Hogan noted the state was notified earlier in the year of the funding opportunity. It gathered input from community mental health centers and providers before submitting its grant proposal.
McConnell said the funding will be welcome news to those in Kentucky and across the county working to firth opioid abuse.
“The implementation of the 21st Century Cures bill, bipartisan legislation that I helped shepherd through the Senate, will bolster medical innovation by promoting critical investments in research and treatment development,” said McConnell in a statement. “It also puts patients first and helps strengthen the kind of research and treatments needed to cure the most devastating diseases.”
In addition to providing funding to fight the drug epidemic, the Cures Act will provide nearly $5 billion over the next several years to the National Institutes of Heath for research into genetic, lifestyle and environmental variations of disease. It will also improve and strengthen America’s mental health system, strengthen pediatric and high risk/high reward medical research and support a “Eureka Prize Competition” to foster research that could realize significant advancements in health outcomes and disease treatments.

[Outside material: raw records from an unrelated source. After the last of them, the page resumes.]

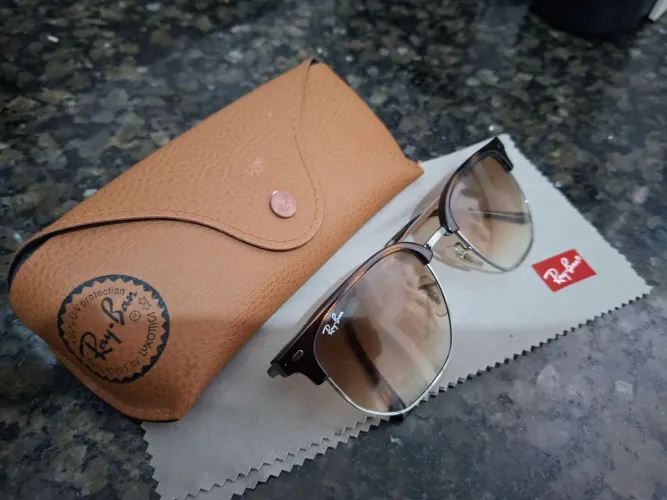 Óculos Rayban New Clubmaster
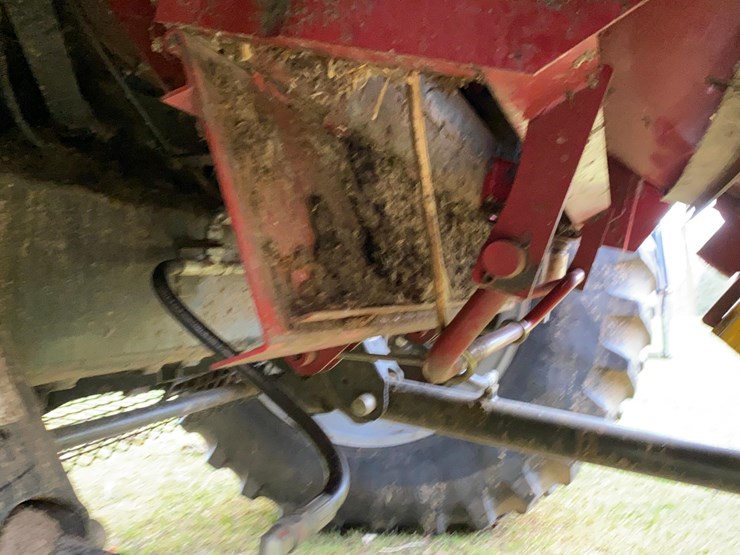case-ih-6088-image-14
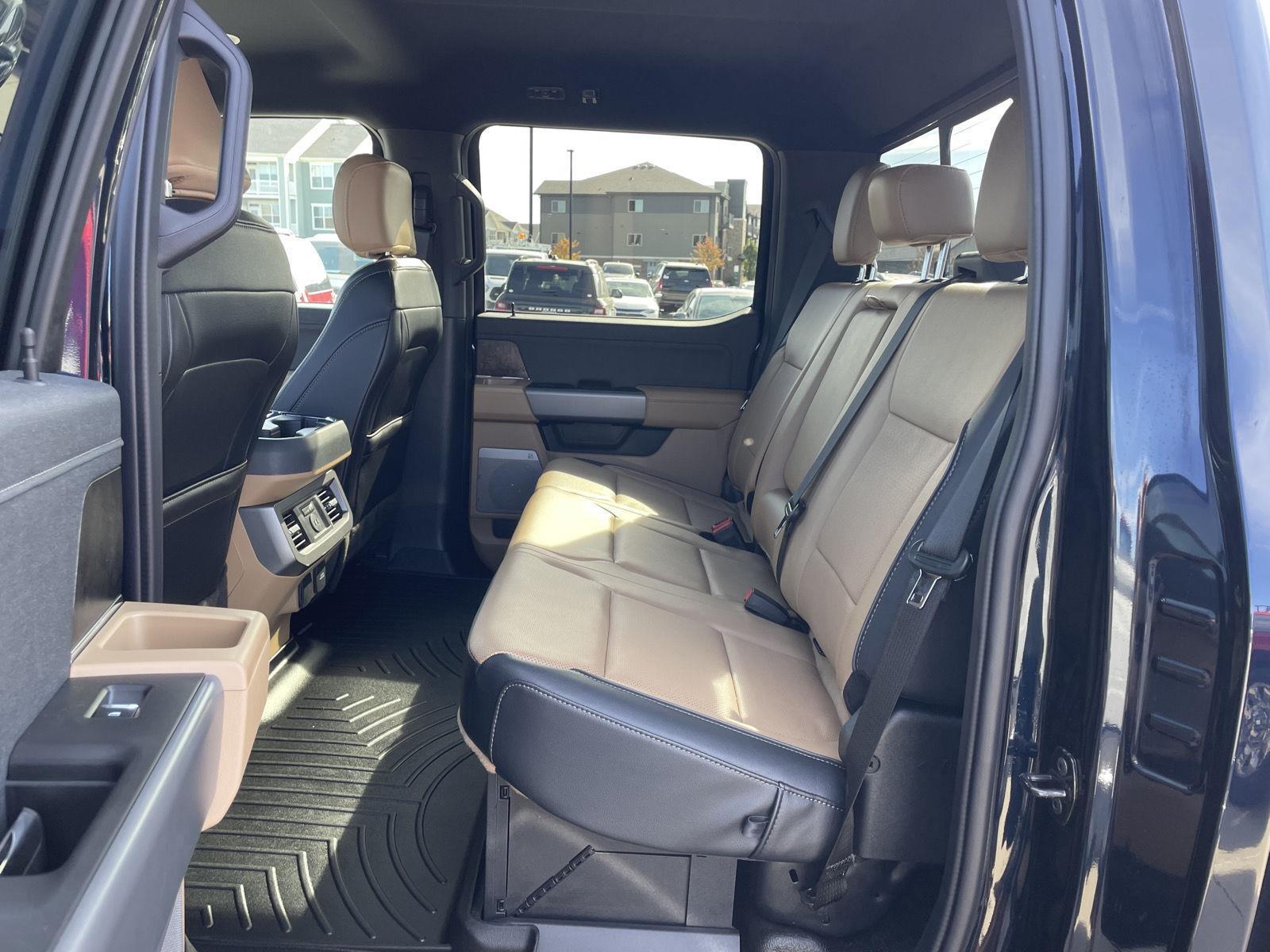 Vehicle photo 20
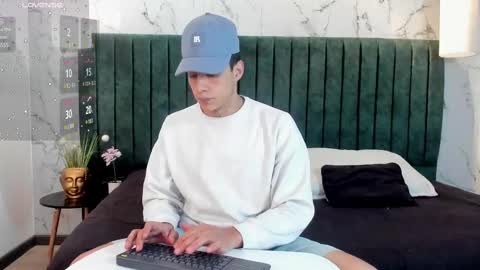 Dustin Sonne online show from 02/14/25, 03:22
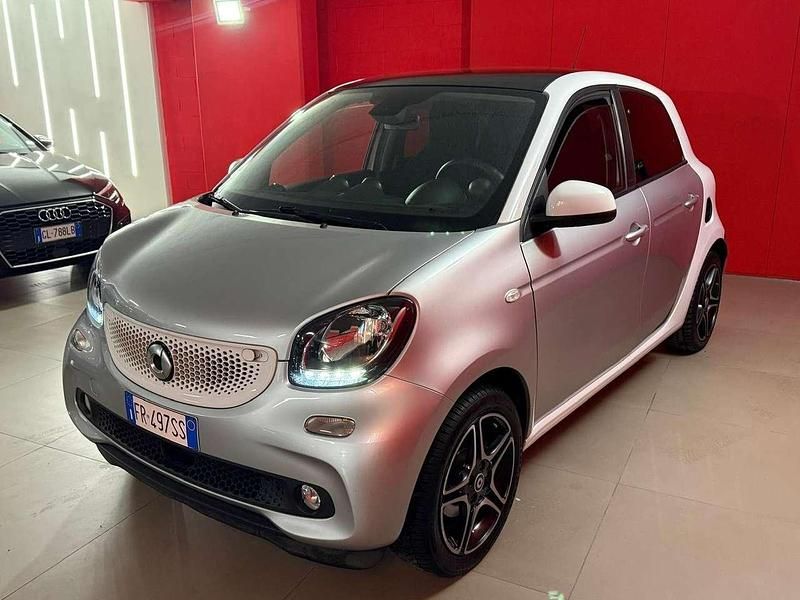 Argento Usata 2018 Smart ForFour Passion Due volumi | 11.900 € (Buon prezzo) - Immagine 1/4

“Kentucky has been particularly hard hit by the opioid and drug addiction crisis,” said Rep. Andy Barr, R-Ky, in a statement to The Register. “While no single program or grant will solve this epidemic, these funds will help Kentucky fight back. I am proud to have voted for the 21st Century Cures Act which made this funding possible, and I remain committed to doing more to prevent drug addiction and to help more Kentuckians recover.”
Jonathan Greene is the editor of The Richmond Register.